Write out, word for word and with no pictures, each line below from the one containing "Rolex Datejust 31mm 278289RBR-0014" through the one containing "Marvel : Marvel", both included, and no other line.

:: Material provided ::

************

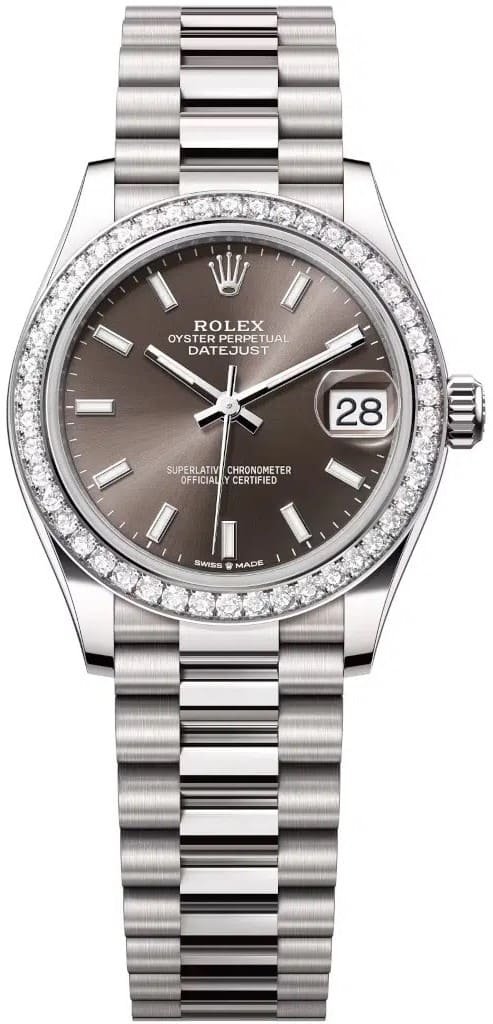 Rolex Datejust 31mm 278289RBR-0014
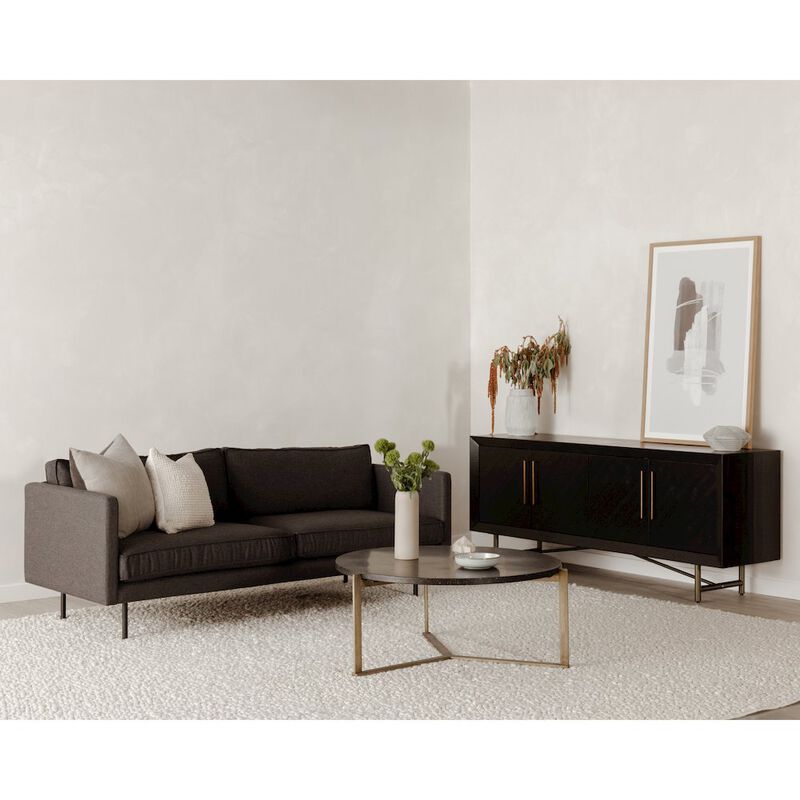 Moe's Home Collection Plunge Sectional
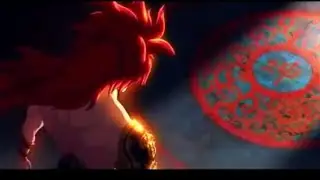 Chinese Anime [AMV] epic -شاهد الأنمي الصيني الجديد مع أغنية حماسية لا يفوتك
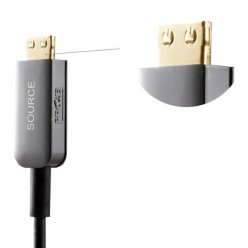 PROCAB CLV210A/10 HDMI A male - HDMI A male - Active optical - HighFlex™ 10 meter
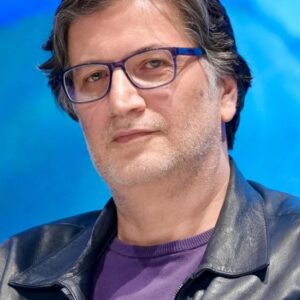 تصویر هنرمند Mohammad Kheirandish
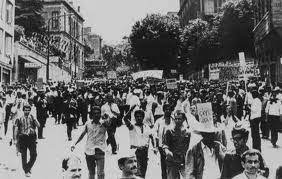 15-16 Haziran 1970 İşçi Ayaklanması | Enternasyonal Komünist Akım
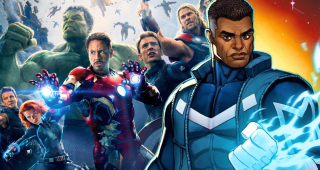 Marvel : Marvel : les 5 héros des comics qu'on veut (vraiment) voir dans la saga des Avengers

************

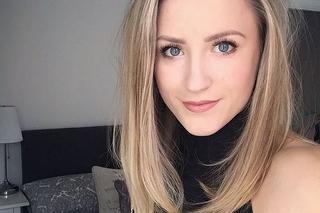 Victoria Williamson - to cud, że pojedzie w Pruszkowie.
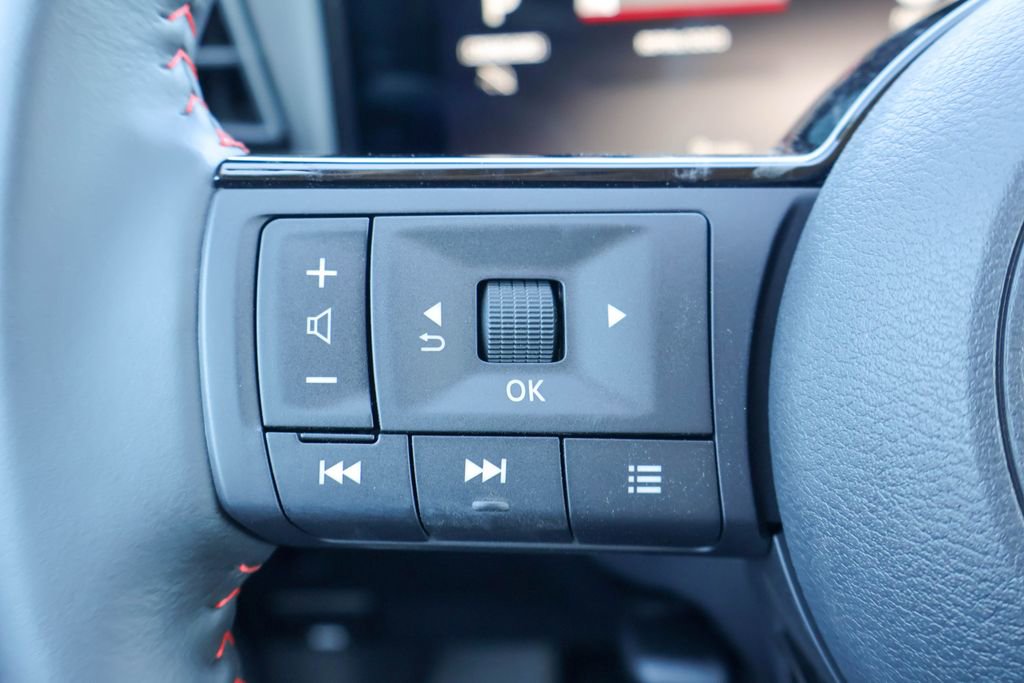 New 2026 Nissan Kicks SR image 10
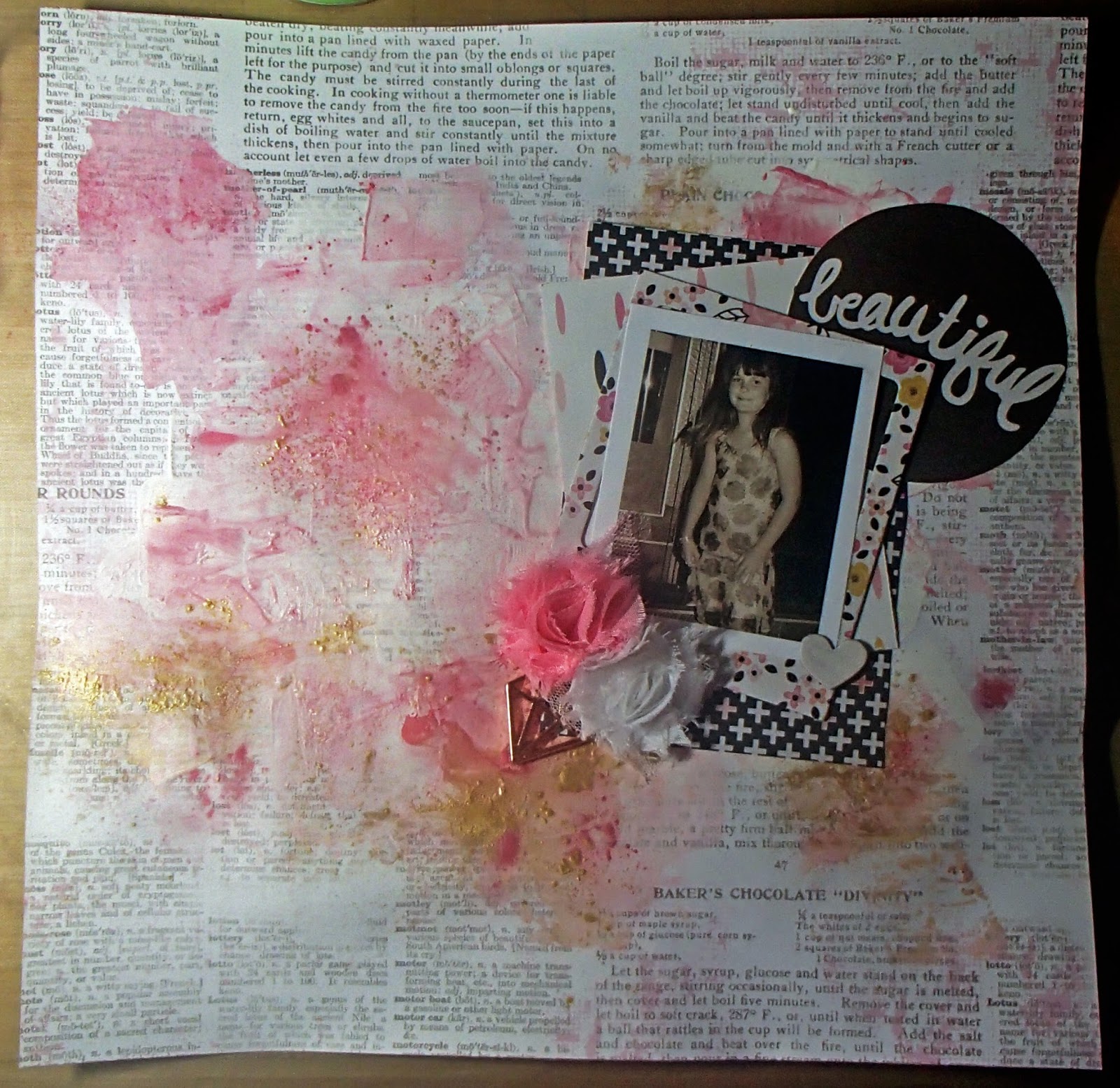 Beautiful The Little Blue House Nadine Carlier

************

:: Solution to the exercise ::
 Rolex Datejust 31mm 278289RBR-0014
 Moe's Home Collection Plunge Sectional
 Chinese Anime [AMV] epic -شاهد الأنمي الصيني الجديد مع أغنية حماسية لا يفوتك
 PROCAB CLV210A/10 HDMI A male - HDMI A male - Active optical - HighFlex™ 10 meter
 تصویر هنرمند Mohammad Kheirandish
 15-16 Haziran 1970 İşçi Ayaklanması | Enternasyonal Komünist Akım
 Marvel : Marvel : les 5 héros des comics qu'on veut (vraiment) voir dans la saga des Avengers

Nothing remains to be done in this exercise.